Segment Open

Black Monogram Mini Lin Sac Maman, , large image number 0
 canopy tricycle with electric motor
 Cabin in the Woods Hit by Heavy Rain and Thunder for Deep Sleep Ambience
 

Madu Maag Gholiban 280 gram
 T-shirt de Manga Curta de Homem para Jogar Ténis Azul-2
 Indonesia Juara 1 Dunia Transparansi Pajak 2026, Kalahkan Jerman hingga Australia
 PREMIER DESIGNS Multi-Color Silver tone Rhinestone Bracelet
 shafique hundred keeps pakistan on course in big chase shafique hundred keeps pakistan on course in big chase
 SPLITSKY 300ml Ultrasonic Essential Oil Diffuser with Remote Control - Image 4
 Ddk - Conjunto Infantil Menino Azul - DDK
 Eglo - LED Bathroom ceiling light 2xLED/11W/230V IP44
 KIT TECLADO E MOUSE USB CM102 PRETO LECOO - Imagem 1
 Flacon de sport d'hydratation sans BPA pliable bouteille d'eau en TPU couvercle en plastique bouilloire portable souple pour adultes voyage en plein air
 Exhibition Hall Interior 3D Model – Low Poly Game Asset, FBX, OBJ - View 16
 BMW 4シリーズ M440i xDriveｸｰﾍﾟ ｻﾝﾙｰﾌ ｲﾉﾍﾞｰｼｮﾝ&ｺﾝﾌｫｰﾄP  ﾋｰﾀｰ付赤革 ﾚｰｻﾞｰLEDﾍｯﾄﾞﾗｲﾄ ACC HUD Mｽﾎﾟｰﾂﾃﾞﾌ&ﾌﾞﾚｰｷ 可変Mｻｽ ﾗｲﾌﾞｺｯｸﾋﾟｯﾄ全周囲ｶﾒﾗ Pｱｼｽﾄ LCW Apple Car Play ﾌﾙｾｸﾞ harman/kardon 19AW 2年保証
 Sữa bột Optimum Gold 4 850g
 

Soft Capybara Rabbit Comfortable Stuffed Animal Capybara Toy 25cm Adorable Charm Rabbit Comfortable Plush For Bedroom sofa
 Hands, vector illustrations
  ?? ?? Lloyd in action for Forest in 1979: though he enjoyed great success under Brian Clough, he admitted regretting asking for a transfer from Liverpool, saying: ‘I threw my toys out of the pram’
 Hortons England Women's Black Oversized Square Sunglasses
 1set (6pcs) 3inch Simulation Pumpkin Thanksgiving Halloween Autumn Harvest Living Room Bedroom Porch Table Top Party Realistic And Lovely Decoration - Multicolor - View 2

Segment Closed

» Work to complete:
Line by line, transcribe the material exactly.

» Result of this exercise:
Black Monogram Mini Lin Sac Maman, , large image number 0
 canopy tricycle with electric motor
 Cabin in the Woods Hit by Heavy Rain and Thunder for Deep Sleep Ambience
 

Madu Maag Gholiban 280 gram
 T-shirt de Manga Curta de Homem para Jogar Ténis Azul-2
 Indonesia Juara 1 Dunia Transparansi Pajak 2026, Kalahkan Jerman hingga Australia
 PREMIER DESIGNS Multi-Color Silver tone Rhinestone Bracelet
 shafique hundred keeps pakistan on course in big chase shafique hundred keeps pakistan on course in big chase
 SPLITSKY 300ml Ultrasonic Essential Oil Diffuser with Remote Control - Image 4
 Ddk - Conjunto Infantil Menino Azul - DDK
 Eglo - LED Bathroom ceiling light 2xLED/11W/230V IP44
 KIT TECLADO E MOUSE USB CM102 PRETO LECOO - Imagem 1
 Flacon de sport d'hydratation sans BPA pliable bouteille d'eau en TPU couvercle en plastique bouilloire portable souple pour adultes voyage en plein air
 Exhibition Hall Interior 3D Model – Low Poly Game Asset, FBX, OBJ - View 16
 BMW 4シリーズ M440i xDriveｸｰﾍﾟ ｻﾝﾙｰﾌ ｲﾉﾍﾞｰｼｮﾝ&ｺﾝﾌｫｰﾄP  ﾋｰﾀｰ付赤革 ﾚｰｻﾞｰLEDﾍｯﾄﾞﾗｲﾄ ACC HUD Mｽﾎﾟｰﾂﾃﾞﾌ&ﾌﾞﾚｰｷ 可変Mｻｽ ﾗｲﾌﾞｺｯｸﾋﾟｯﾄ全周囲ｶﾒﾗ Pｱｼｽﾄ LCW Apple Car Play ﾌﾙｾｸﾞ harman/kardon 19AW 2年保証
 Sữa bột Optimum Gold 4 850g
 

Soft Capybara Rabbit Comfortable Stuffed Animal Capybara Toy 25cm Adorable Charm Rabbit Comfortable Plush For Bedroom sofa
 Hands, vector illustrations
  ?? ?? Lloyd in action for Forest in 1979: though he enjoyed great success under Brian Clough, he admitted regretting asking for a transfer from Liverpool, saying: ‘I threw my toys out of the pram’
 Hortons England Women's Black Oversized Square Sunglasses
 1set (6pcs) 3inch Simulation Pumpkin Thanksgiving Halloween Autumn Harvest Living Room Bedroom Porch Table Top Party Realistic And Lovely Decoration - Multicolor - View 2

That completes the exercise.